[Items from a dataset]
--
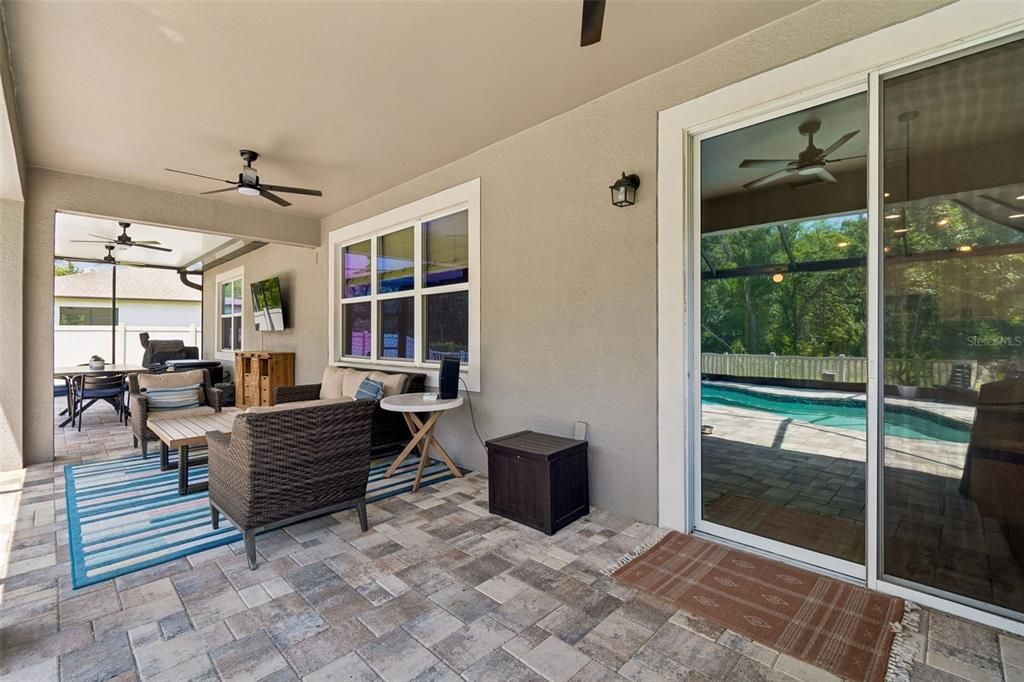 For Sale: $559,000 (4 beds, 3 baths, 2313 Square Feet)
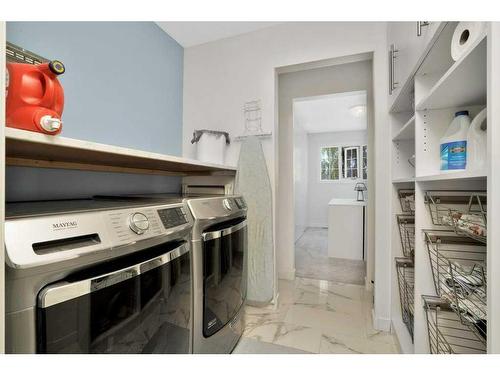 6006 44 Street Crescent, Innisfail, AB - Indoor Photo Showing Laundry Room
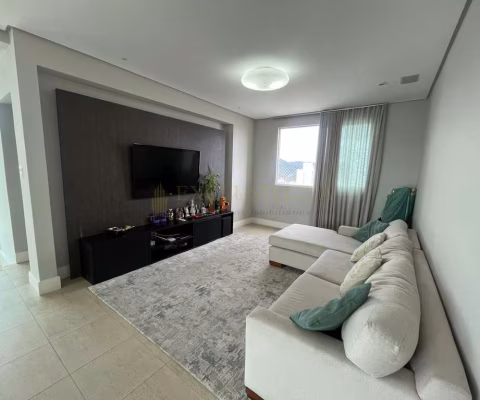 Apartamento para Locação Anual no bairro Centro em Balneário Camboriú, 3 quartos sendo 3 suítes, 4 vagas, Mobiliado, 260 m² privativos,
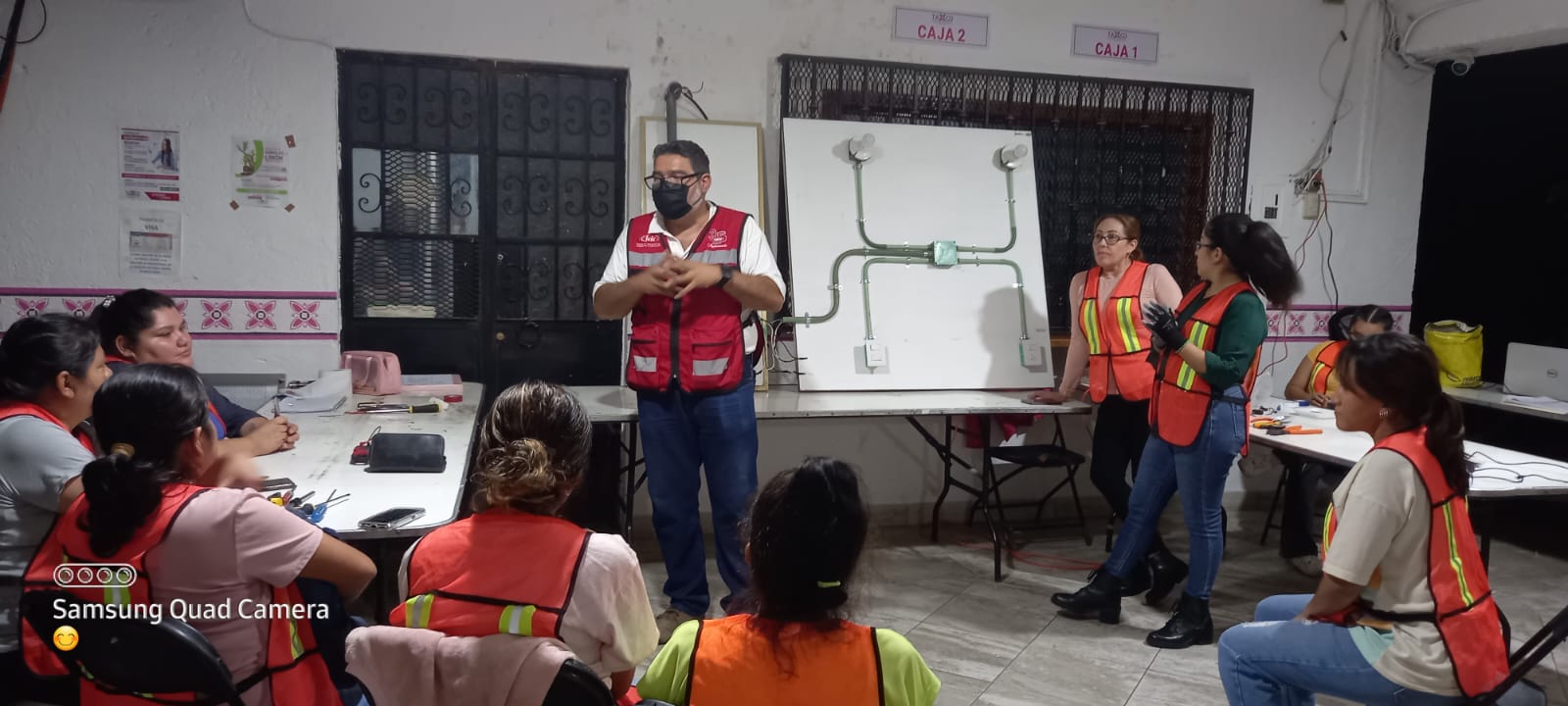 La Secretaría de la Mujer capacita a este sector en instalaciones eléctricas, red hidráulica y sanitaria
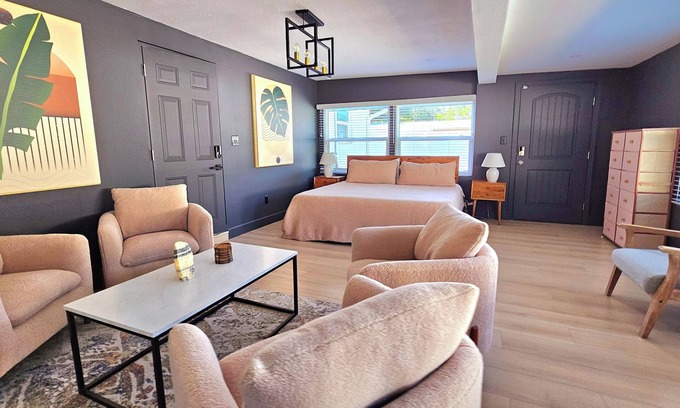 St. Petersburg - Clearwater Apartment | St Pete Beach Gem Getaway Home w/Patio! 8mi Beach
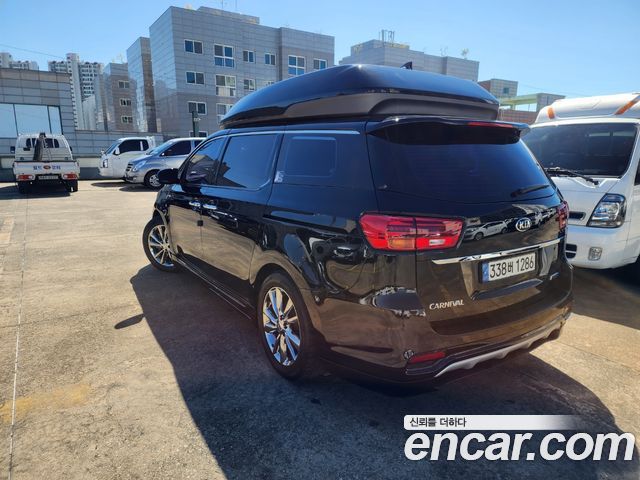 Kia Canival 2019 — photo 4
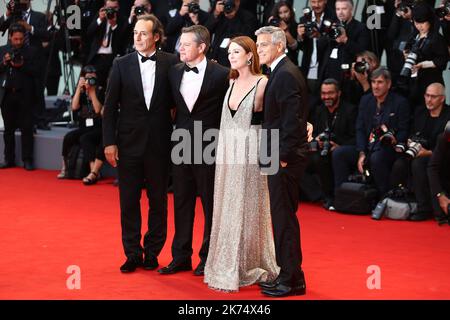 Alexandre Desplat, Matt Damon, George Clooney, Julianne Moore bei der Ankunft zur Premiere von Suburbicon Red Carpet im Sala Grande während des Filmfestivals von Venedig 74. Stockfoto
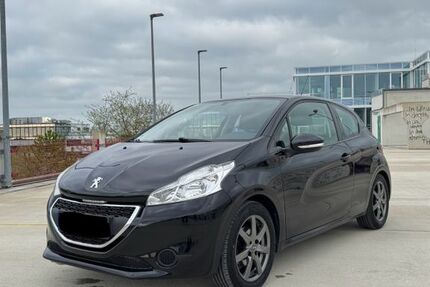 Peugeot 208 140.000 km 3.790 € Paderborn 33104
--
BRIEF |
Transcribe the records verbatim and omit the images.

ANSWER SPACE |
 For Sale: $559,000 (4 beds, 3 baths, 2313 Square Feet)
 6006 44 Street Crescent, Innisfail, AB - Indoor Photo Showing Laundry Room
 Apartamento para Locação Anual no bairro Centro em Balneário Camboriú, 3 quartos sendo 3 suítes, 4 vagas, Mobiliado, 260 m² privativos,
 La Secretaría de la Mujer capacita a este sector en instalaciones eléctricas, red hidráulica y sanitaria
 St. Petersburg - Clearwater Apartment | St Pete Beach Gem Getaway Home w/Patio! 8mi Beach
 Kia Canival 2019 — photo 4
 Alexandre Desplat, Matt Damon, George Clooney, Julianne Moore bei der Ankunft zur Premiere von Suburbicon Red Carpet im Sala Grande während des Filmfestivals von Venedig 74. Stockfoto
 Peugeot 208 140.000 km 3.790 € Paderborn 33104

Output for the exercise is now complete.